Does it matter which hand I ride with? Dark jeans, a show shirt, black cowboy boots and a helmet, is this ok to wear? I just need any and all your tips!  basically, just keep him slower, more collected and calm?

Road Hack: what is the definition of a hand gallop and strong trot? I basically know what a hand gallop is but is a strong trot just like an extended trot? Does my horse need to be braided? Any other tips?

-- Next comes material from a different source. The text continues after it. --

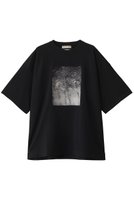 【ヨーク/YOKE】の【UNISEX】EMBROIDERY T-シャツ by TARO MIZUTANI 人気、トレンドファッション・服の通販 founy(ファニー) ファッション Fashion レディースファッション Fashion for Women トップス・カットソー Cut & Sew Tops シャツ・ブラウス・オフィスカジュアル Elegant Blouses & Button-Ups ロングTシャツ・Tシャツ Longline T-Shirts & Tees カットソー・ベーシックTシャツ Cut-and-Sewn Tops / Stretch Tees & Basics ユニセックス Unisex, Genderless インド Indian Textile ショート Short, Short Length シンプル Simple, Minimal スリーブ Sleeve, Long Sleeve / Short Sleeve |ID:prp329100004884803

Also, since it is a small show and I can't braid well yet, lol, do you think it is fine to leave his mane natural for hunter under saddle, equin and road hack?
Thanks


----------



## EquineCookies (Mar 22, 2012)

I don't know about the WP but road hack is a favourite class of mine! A hand gallop is like an extension of the canter. It's faster than an extended canter but not a full-out gallop. A strong trot (may be called a road trot) isn't quite an extended trot, but more than a working trot. If it's just a small show you'll probably be OK without braids but I'd ask the show manager just in case.
_Posted via Mobile Device_


----------



## jenainy (Oct 21, 2011)

Thanks!


----------



## Tasia (Aug 17, 2009)

Get black jeans for WP and MAKE sure theyre long enough when you're in the saddle.Make sure you have a curb strap on your bridle.
Braid your hair if you can't tuck it under your helmet.
Hold your reins with your left hand, it's traditional.


----------



## spurstop (Mar 22, 2012)

You don't need black jeans. Dark wash are fine and then you'll get more use out of them.


----------



## jenainy (Oct 21, 2011)

Happy to say I got 1st in Western Pleasure (out of 7) and 2nd in Road Hack! yay  I was disappointed they didn't call for hand gallop or strong trot, I practiced it with my instructor and was looking forward to it, lol


----------



## MidsummerFable (Jun 18, 2012)

Out of curiosity, what breeds were at the show? Was it an open show?


----------



## jenainy (Oct 21, 2011)

Open show, however the majority of the horses were quarter horses.


----------